Ces derniers estiment que le Québec devrait recevoir au moins 3,2 millions $ de l'enveloppe totale de 23 millions $ de la Stratégie du Canada en matière d'éducation internationale, dévoilée la semaine dernière.

L'initiative fédérale, présentée par le ministre du Commerce international, Ed Fast, vise notamment à doubler, d'ici 2022, le nombre de chercheurs et étudiants étrangers au pays pour atteindre 450 000.

«C'est au Québec de déterminer ses besoins en matière de recrutement des étudiants étrangers», a martelé le ministre des Affaires intergouvernementales.

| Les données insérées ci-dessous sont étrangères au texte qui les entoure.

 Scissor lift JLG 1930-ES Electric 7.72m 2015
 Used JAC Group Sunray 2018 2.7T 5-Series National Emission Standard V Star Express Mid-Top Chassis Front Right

MM. Duchesne et Cloutier estiment que le Québec pourrait utiliser une compensation financière d'Ottawa pour bonifier diverses mesures déjà en place dans la province sur la mobilité étudiante.

Ils ont souligné que le gouvernement Marois pourrait notamment bonifier certains programmes de bourses ainsi que son soutien aux universités et collèges du Québec dans leur stratégie d'internationalisation en fonction de leurs besoins.

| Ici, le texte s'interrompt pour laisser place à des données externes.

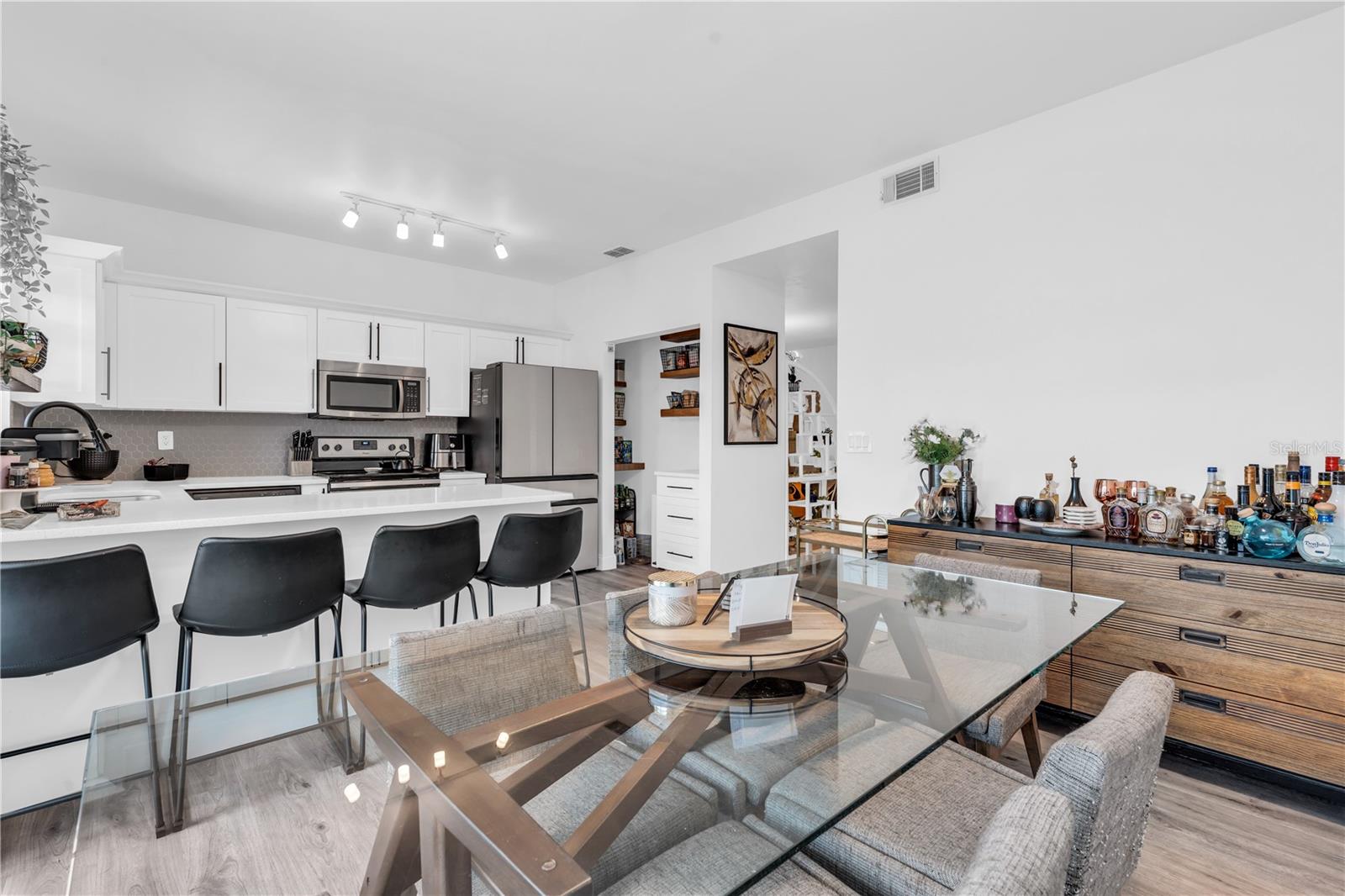 Image 10 of 54 For 3825 Schoolhouse Road E 5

Pour l'année 2013-2014, Québec versera 17,5 millions $ en bourses et programmes de mobilité pour des étudiants qui souhaitent étudier à l'étranger. Les deux ministres estiment donc qu'une compensation financière d'Ottawa pourrait faire grimper cette somme.

Le ministre Duchesne a également critiqué la stratégie fédérale en affirmant qu'elle ne tenait pas compte de la réalité québécoise.

Pour atteindre son objectif, le gouvernement conservateur a l'intention de courtiser les marchés actuellement visés par le Plan d'action sur les marchés mondiaux, soit l'Afrique du Nord et le Moyen-Orient, le Brésil, la Chine, l'Inde, le Mexique ainsi que le Vietnam.

«Le choix d'identifier des pays pour tenter d'attirer des étudiants étrangers, le gouvernement du Québec le fait avec les universités, a dit le ministre Duchesne­. Il y a une dimension au Québec où l'on va tenir compte de la francophonie.»

Selon lui, la stratégie que désire mettre de l'avant le gouvernement Harper ne fera qu'alourdir une structure administrative qui existe déjà.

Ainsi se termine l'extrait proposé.